# What is needed
When you reach the line that has "Изображение SHERWOOD Comp." in the material below, reproduce it and each line after it exactly, through the last one.

# Material for this task
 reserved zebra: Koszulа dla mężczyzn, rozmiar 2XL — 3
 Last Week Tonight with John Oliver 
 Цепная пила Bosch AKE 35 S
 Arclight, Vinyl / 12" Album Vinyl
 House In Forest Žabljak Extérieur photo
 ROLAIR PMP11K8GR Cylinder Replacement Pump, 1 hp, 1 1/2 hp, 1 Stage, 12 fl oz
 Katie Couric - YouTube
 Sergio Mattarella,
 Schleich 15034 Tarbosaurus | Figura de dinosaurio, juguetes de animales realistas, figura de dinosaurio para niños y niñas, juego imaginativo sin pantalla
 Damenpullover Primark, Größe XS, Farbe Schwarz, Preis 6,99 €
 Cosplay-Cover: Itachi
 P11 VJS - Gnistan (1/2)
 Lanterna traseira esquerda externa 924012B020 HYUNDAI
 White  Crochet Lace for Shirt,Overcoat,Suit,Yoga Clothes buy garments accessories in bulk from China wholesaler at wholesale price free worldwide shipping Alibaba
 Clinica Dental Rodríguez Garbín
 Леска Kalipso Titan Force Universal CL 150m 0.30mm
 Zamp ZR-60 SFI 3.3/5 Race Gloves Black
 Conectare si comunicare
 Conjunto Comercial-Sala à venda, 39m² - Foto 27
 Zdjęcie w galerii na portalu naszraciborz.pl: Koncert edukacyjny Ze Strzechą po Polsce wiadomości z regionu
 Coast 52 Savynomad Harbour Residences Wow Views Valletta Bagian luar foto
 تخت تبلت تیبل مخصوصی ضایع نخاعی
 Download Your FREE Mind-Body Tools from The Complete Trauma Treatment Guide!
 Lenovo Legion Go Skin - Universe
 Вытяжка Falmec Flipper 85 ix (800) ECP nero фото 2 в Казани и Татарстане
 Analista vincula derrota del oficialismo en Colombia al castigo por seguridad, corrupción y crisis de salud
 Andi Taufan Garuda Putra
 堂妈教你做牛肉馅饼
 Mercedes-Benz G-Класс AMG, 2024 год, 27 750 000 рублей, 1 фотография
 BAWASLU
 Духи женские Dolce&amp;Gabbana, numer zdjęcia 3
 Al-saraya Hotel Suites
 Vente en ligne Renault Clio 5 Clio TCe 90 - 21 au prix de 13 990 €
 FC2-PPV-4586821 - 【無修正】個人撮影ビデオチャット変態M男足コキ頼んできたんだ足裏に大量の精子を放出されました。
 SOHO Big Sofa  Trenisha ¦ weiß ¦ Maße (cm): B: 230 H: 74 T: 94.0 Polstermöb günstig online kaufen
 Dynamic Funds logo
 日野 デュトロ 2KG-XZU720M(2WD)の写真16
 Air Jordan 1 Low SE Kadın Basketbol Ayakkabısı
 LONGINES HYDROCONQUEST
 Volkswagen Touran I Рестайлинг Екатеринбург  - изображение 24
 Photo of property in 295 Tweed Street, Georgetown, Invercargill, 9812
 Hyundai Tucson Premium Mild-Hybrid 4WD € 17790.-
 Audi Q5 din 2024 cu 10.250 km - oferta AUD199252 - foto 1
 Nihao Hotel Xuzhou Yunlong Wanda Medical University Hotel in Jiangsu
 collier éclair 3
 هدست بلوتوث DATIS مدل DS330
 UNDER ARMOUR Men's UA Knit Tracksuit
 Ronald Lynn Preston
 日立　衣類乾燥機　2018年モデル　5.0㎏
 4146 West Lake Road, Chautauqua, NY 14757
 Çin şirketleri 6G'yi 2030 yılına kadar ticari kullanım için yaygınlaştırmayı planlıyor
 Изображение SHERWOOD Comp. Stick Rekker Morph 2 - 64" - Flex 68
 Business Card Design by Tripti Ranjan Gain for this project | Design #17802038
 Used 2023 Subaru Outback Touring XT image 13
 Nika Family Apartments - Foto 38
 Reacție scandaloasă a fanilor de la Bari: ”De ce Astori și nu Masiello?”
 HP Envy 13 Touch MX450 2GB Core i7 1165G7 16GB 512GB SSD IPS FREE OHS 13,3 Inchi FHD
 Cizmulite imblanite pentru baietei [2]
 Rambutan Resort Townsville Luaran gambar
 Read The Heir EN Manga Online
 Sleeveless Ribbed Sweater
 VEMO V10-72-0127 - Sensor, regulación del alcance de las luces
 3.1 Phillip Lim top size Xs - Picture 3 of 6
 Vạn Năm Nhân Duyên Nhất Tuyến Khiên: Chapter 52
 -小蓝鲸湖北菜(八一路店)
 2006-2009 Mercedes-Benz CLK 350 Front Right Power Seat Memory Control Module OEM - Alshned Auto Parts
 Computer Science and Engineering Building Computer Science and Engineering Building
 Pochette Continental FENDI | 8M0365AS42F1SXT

# Exercise response
 Изображение SHERWOOD Comp. Stick Rekker Morph 2 - 64" - Flex 68
 Business Card Design by Tripti Ranjan Gain for this project | Design #17802038
 Used 2023 Subaru Outback Touring XT image 13
 Nika Family Apartments - Foto 38
 Reacție scandaloasă a fanilor de la Bari: ”De ce Astori și nu Masiello?”
 HP Envy 13 Touch MX450 2GB Core i7 1165G7 16GB 512GB SSD IPS FREE OHS 13,3 Inchi FHD
 Cizmulite imblanite pentru baietei [2]
 Rambutan Resort Townsville Luaran gambar
 Read The Heir EN Manga Online
 Sleeveless Ribbed Sweater
 VEMO V10-72-0127 - Sensor, regulación del alcance de las luces
 3.1 Phillip Lim top size Xs - Picture 3 of 6
 Vạn Năm Nhân Duyên Nhất Tuyến Khiên: Chapter 52
 -小蓝鲸湖北菜(八一路店)
 2006-2009 Mercedes-Benz CLK 350 Front Right Power Seat Memory Control Module OEM - Alshned Auto Parts
 Computer Science and Engineering Building Computer Science and Engineering Building
 Pochette Continental FENDI | 8M0365AS42F1SXT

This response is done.